→ **Information provided**:

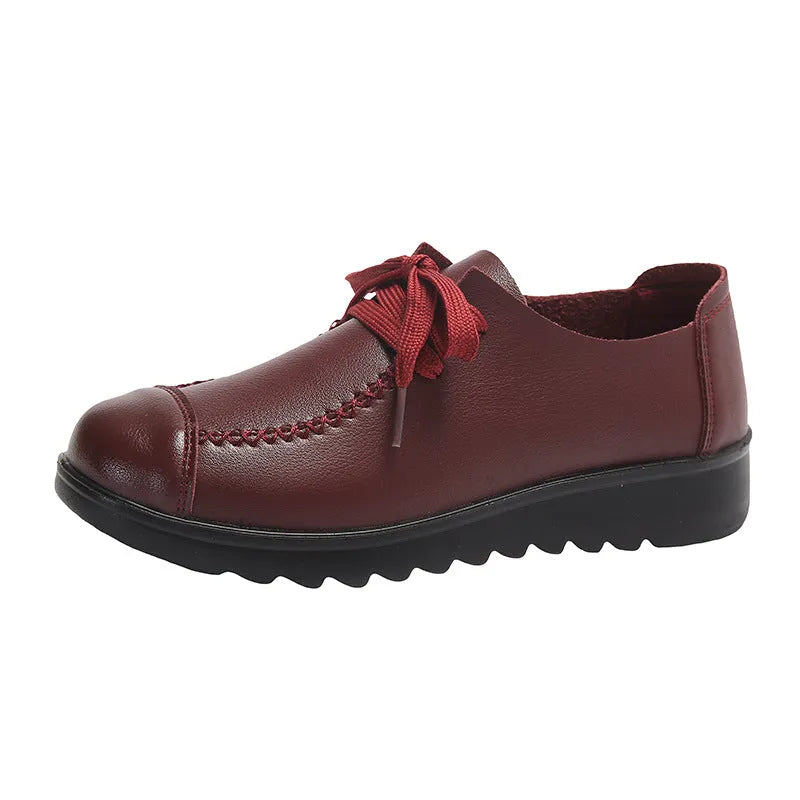 Women's black round toe flat work shoes with front lacing and soft anti-slip polyurethane sole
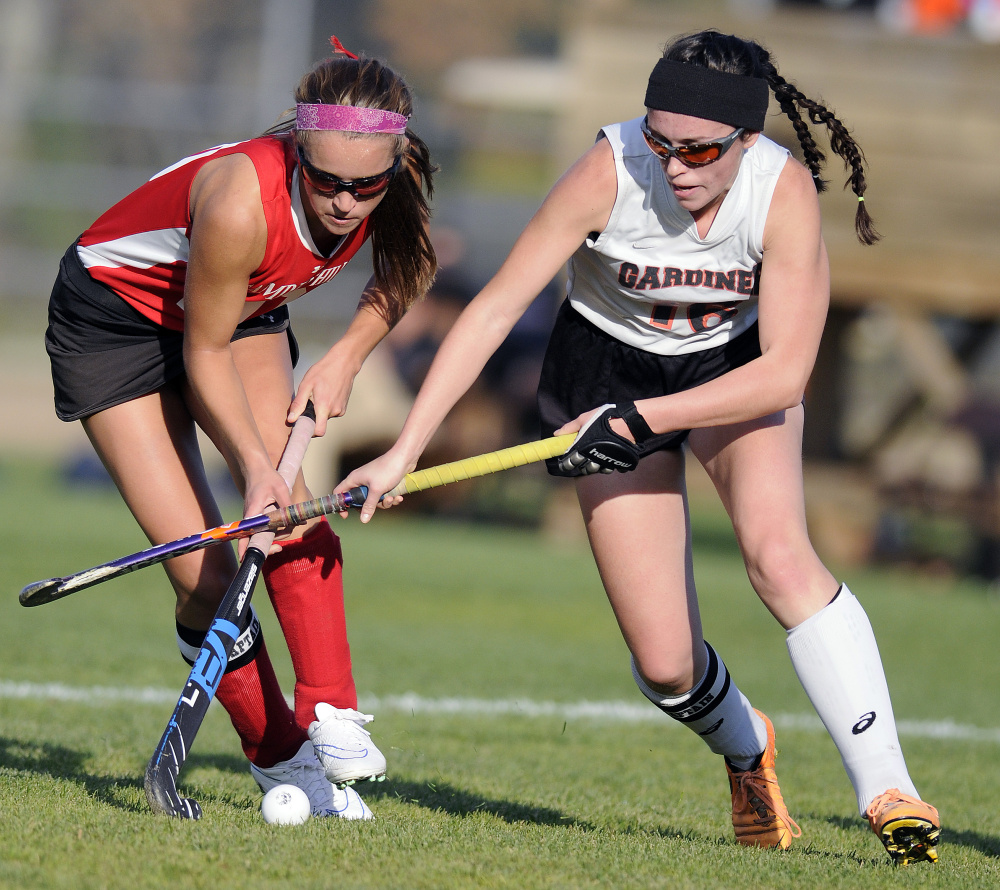 Gardiner Area High School’s Bryce Smith, right, chases the ball with Camden Hills Regional High School’s Emily Daggett during a Class B North quarterfinal game Tuesday in Gardiner.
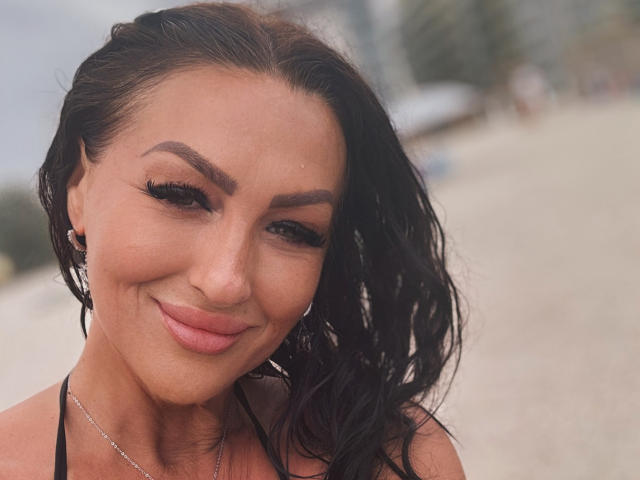 Close-up of AfriDetta with wet, wavy black hair, smiling slightly. She has dark eyebrows, long eyelashes, and pink lipstick. Her skin is tan, and she's wearing small earrings. A black halter top is visible. Her expression is relaxed and confident. The background is blurred, focusing attention on AfriDetta's face. The image has a soft, natural light. Her makeup is subtle, enhancing her natural features. The texture of her hair is slightly glossy. She has a small nose ring on her left nostril.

→ **What the exercise asks**: Only the pictures are to be dropped; return everything else in the listing exactly.

→ **Written response**:
 Women's black round toe flat work shoes with front lacing and soft anti-slip polyurethane sole
 Gardiner Area High School’s Bryce Smith, right, chases the ball with Camden Hills Regional High School’s Emily Daggett during a Class B North quarterfinal game Tuesday in Gardiner.
 Close-up of AfriDetta with wet, wavy black hair, smiling slightly. She has dark eyebrows, long eyelashes, and pink lipstick. Her skin is tan, and she's wearing small earrings. A black halter top is visible. Her expression is relaxed and confident. The background is blurred, focusing attention on AfriDetta's face. The image has a soft, natural light. Her makeup is subtle, enhancing her natural features. The texture of her hair is slightly glossy. She has a small nose ring on her left nostril.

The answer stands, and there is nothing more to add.